I’m going to head over to our local merchant of death later to see if he says the same.

10 comments

    1. Sadly, gun store sales are but a tiny part of their income from transaction processing fees, but every little bit helps.

      1. If we could get a majority of gun owners in this country to forgo ALL credit card purchases for a couple of months this would go away. Sadly, we probably can’t organize it.

        1. Fisher,
          That would be great but gun owners are worse than herding cats.

          If we’re going to use cash at gun stores because of tracking, we might want to become very hesitant to use credit cards at other businesses too. If they make 2% on each of our purchases then let’s do what we can to make a dent in the revenue of these credit card companies employing these abhorrent policies.

          JQ

    1. I used to install and monitor transaction systems and actually, the retailer’s cost of handling cash is more than 2% of sales.

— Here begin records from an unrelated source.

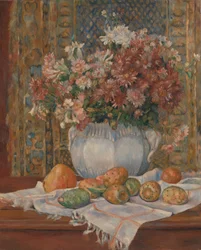 Stilleben med blomster og prickly Pears, ca. 1885 (olje på lerret)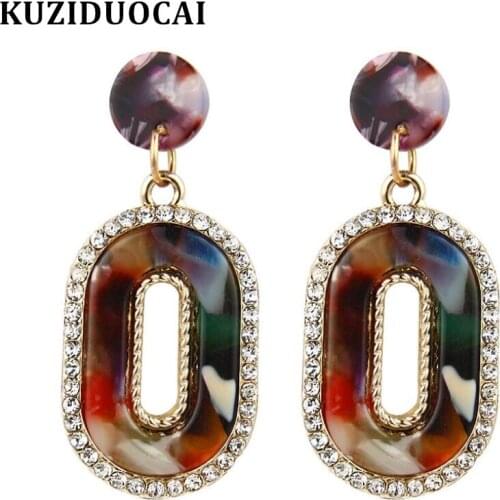 Kuziduocai 2019 New Fashion Jewelry Punk Bohe Zircon Acrylic Acetate Fibre Oval Statement Drop Earrings For Women Brincos E1393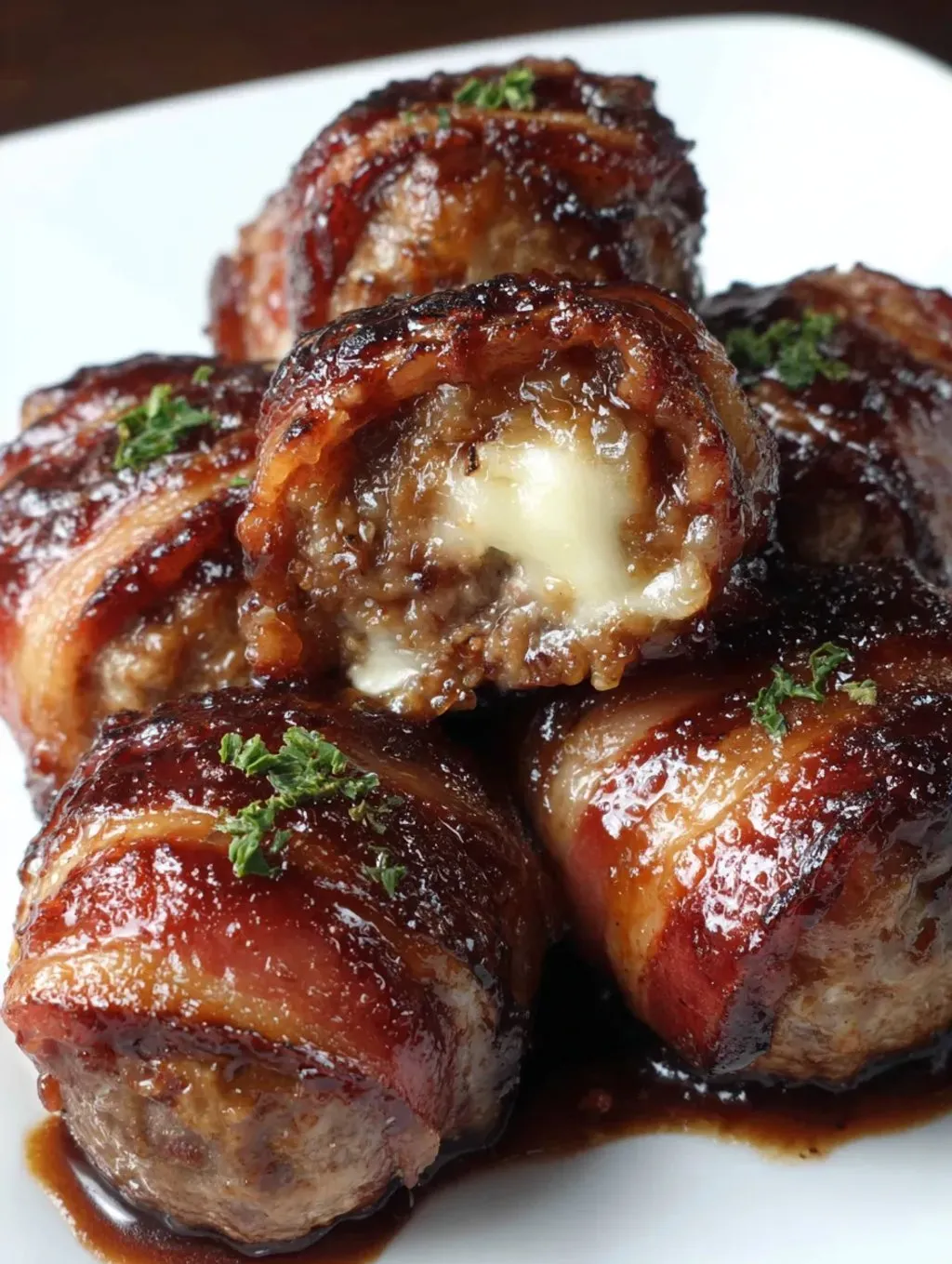 Bacon wrapped meat on a plate.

  1. You want to get out of the credit card habit? RETIRE! It’s amazing how fast you stop using the plastic then inflation is skyrocketing, interest rates are close behind, and your only income is Social Security and a monthly pension check.

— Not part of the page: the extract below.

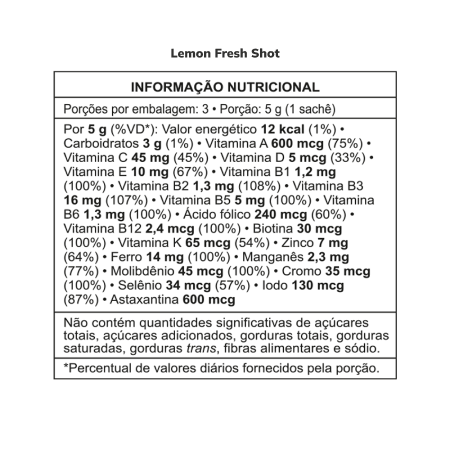 Informações Nutricionais Lemon Fresh Shot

  2. Depending on the amount of actual cash being taken in by LMOD (local merchants of death), they may have to file a “currency transaction report” upon deposit of the cash. This is an IRS which dates back to the 1980’s and was a way the IRS could track actual cash as a purported means of identifying cash from the illicit drug trade. The threshold is a $10,000 per day – anything above that is mandated to be reported.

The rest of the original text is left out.